__REQUIREMENT__. Transcribe only the lines in the data below falling between the line with "Used 2020 Toyota Camry XSE FWD image 4" and the line with "Photo 13 of Beatrixstraat 8", including those two lines, and leave out any picture.

__RECORDS SHOWN__.

= Beginning of Section =

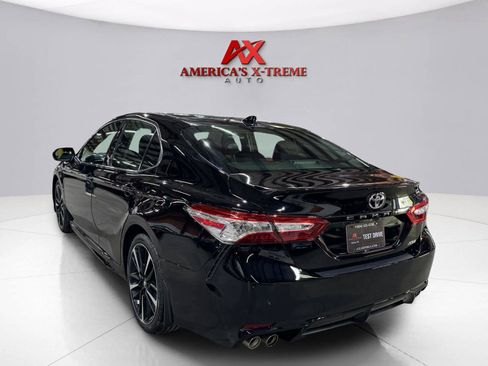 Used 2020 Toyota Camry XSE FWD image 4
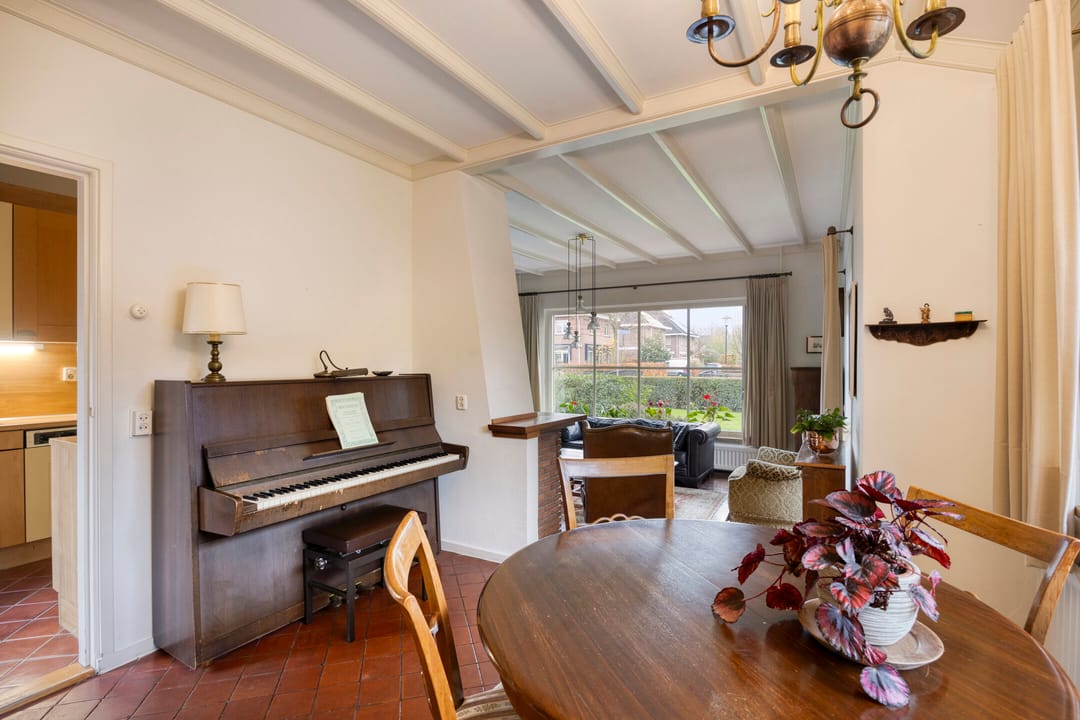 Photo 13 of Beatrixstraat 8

= End of Section =
= Beginning of Section =

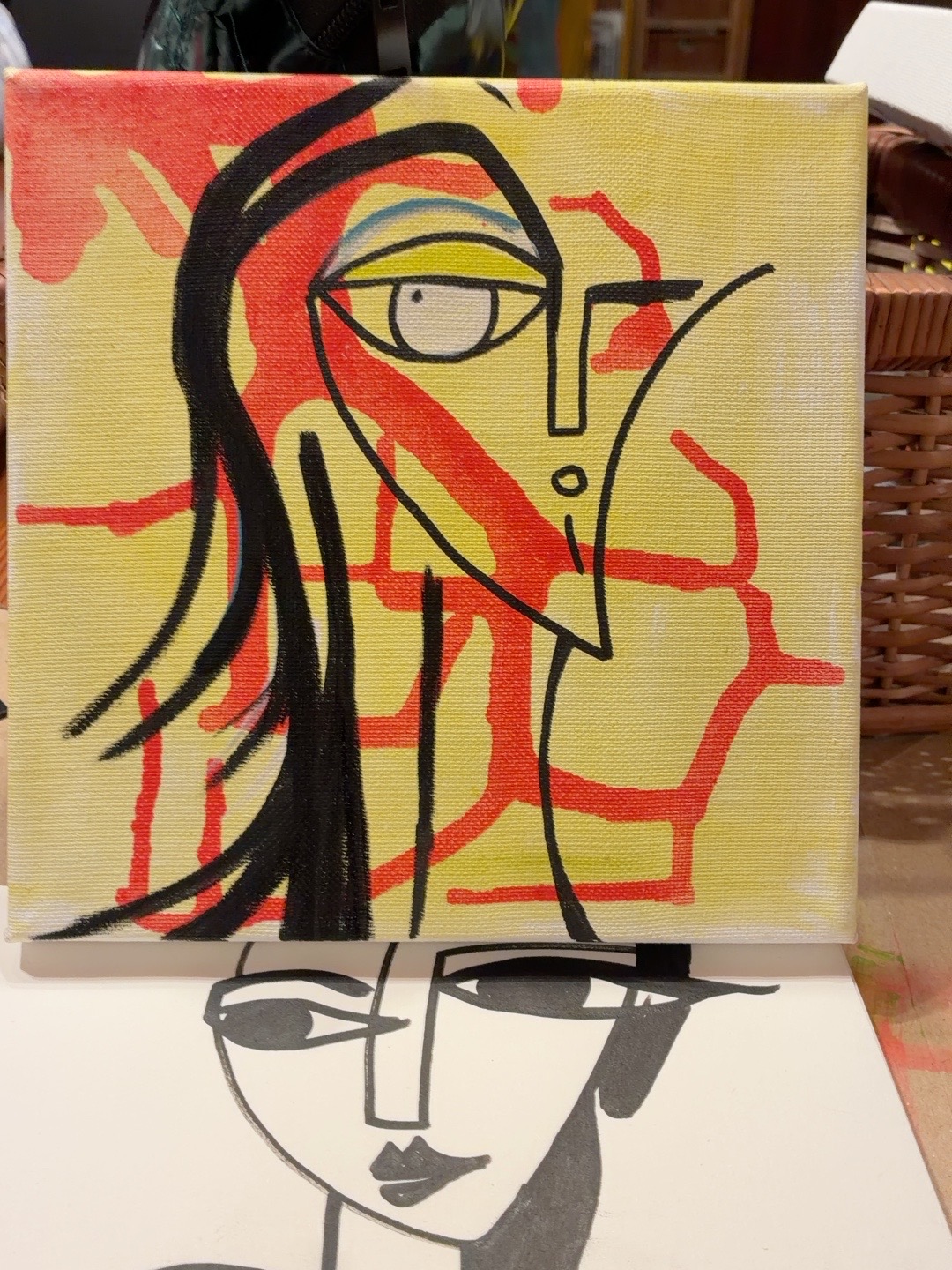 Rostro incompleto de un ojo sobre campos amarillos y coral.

= End of Section =

__WRITTEN ANSWER__.
 Used 2020 Toyota Camry XSE FWD image 4
 Photo 13 of Beatrixstraat 8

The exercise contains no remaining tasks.